▼

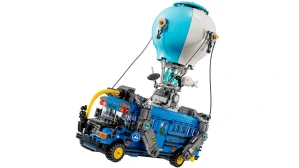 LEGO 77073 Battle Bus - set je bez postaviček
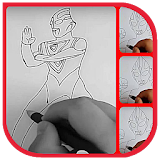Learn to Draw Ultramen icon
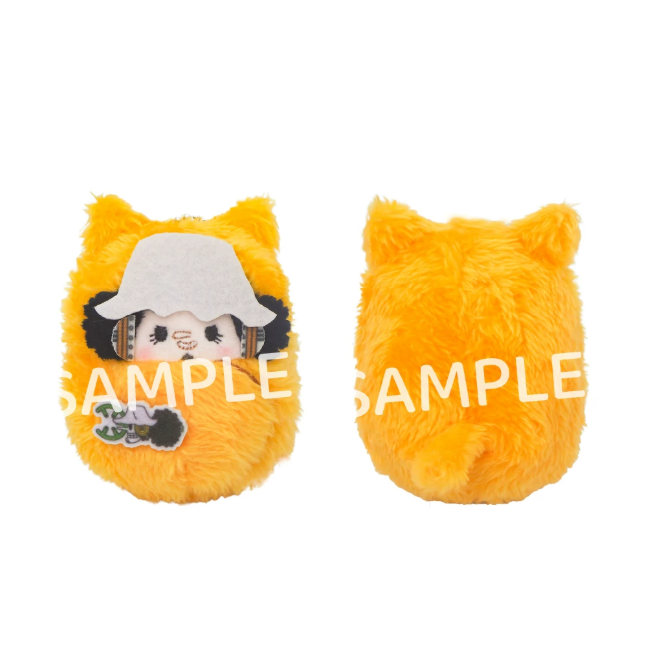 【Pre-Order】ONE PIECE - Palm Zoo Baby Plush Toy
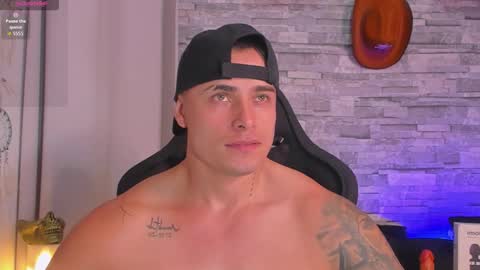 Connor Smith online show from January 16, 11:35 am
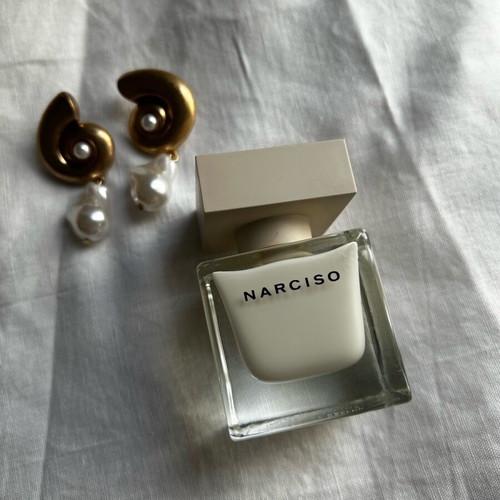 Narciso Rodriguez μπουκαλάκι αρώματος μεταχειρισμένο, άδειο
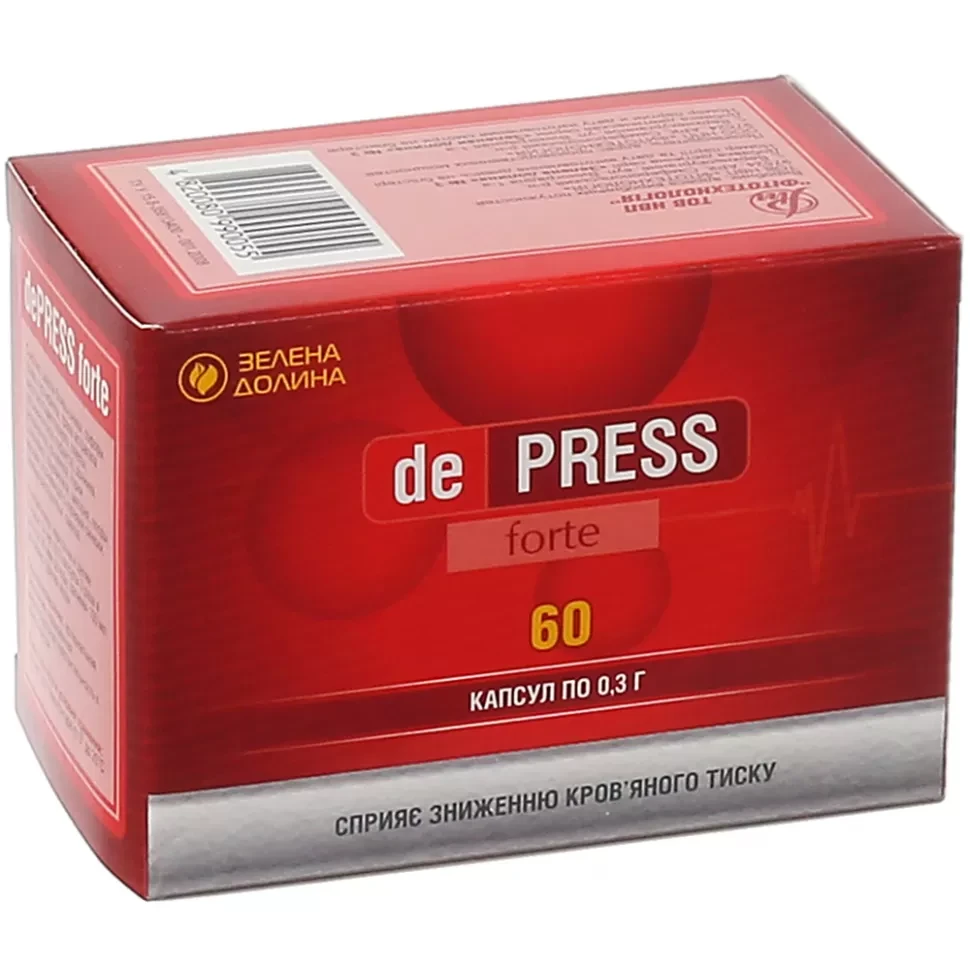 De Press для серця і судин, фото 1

▲
▼

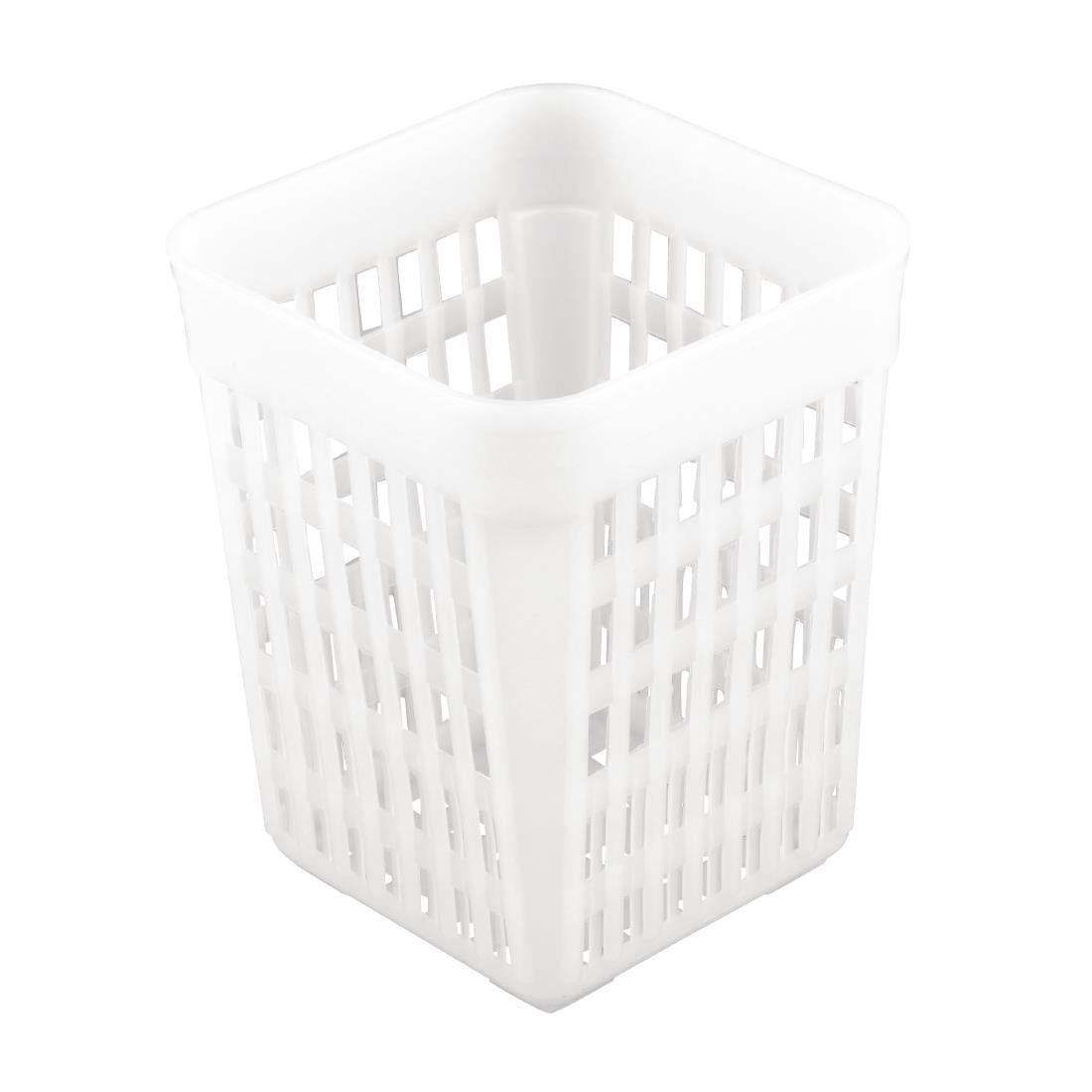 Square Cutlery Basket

▲
▼

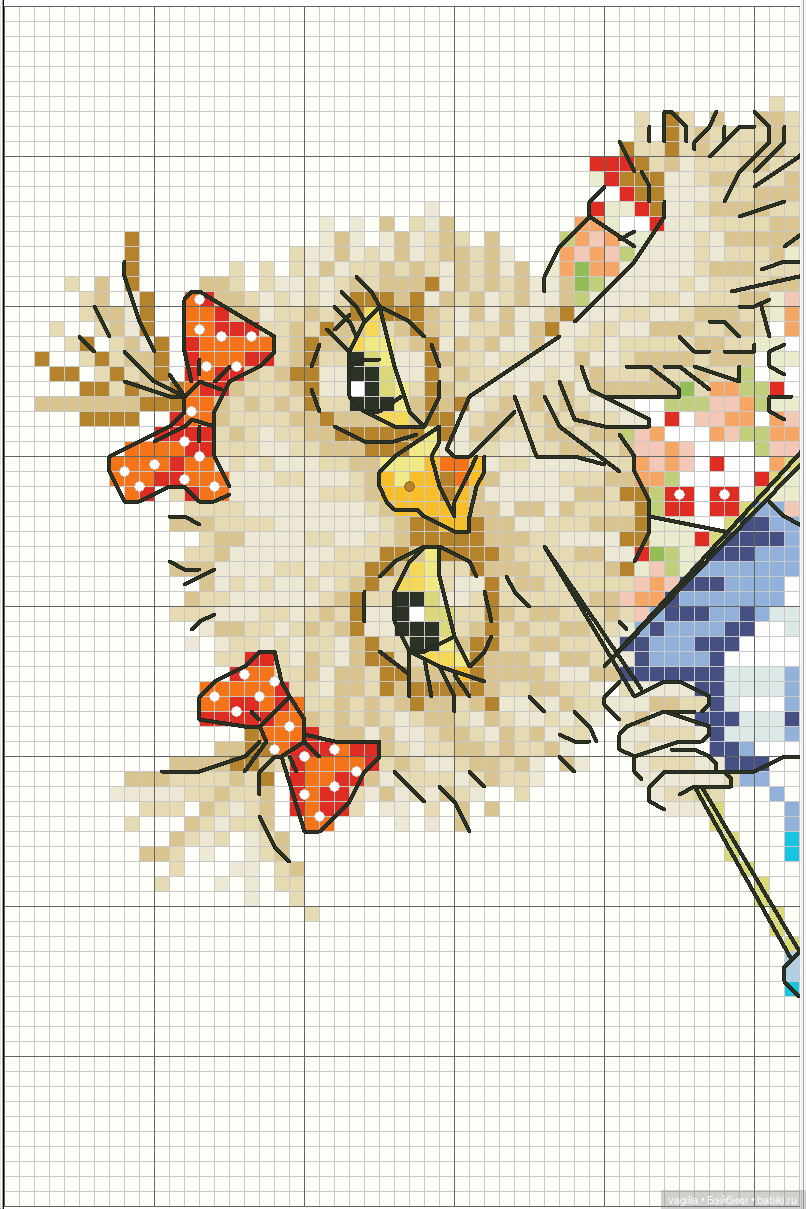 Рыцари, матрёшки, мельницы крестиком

▲

**To do:**
Your task is to copy only the lines above starting at the one containing "Connor Smith online" and ending at the one containing "De Press для серця і судин, фото 1". Copy them exactly, both ends included, and omit the pictures.

**Answer below:**
 Connor Smith online show from January 16, 11:35 am
 Narciso Rodriguez μπουκαλάκι αρώματος μεταχειρισμένο, άδειο
 De Press для серця і судин, фото 1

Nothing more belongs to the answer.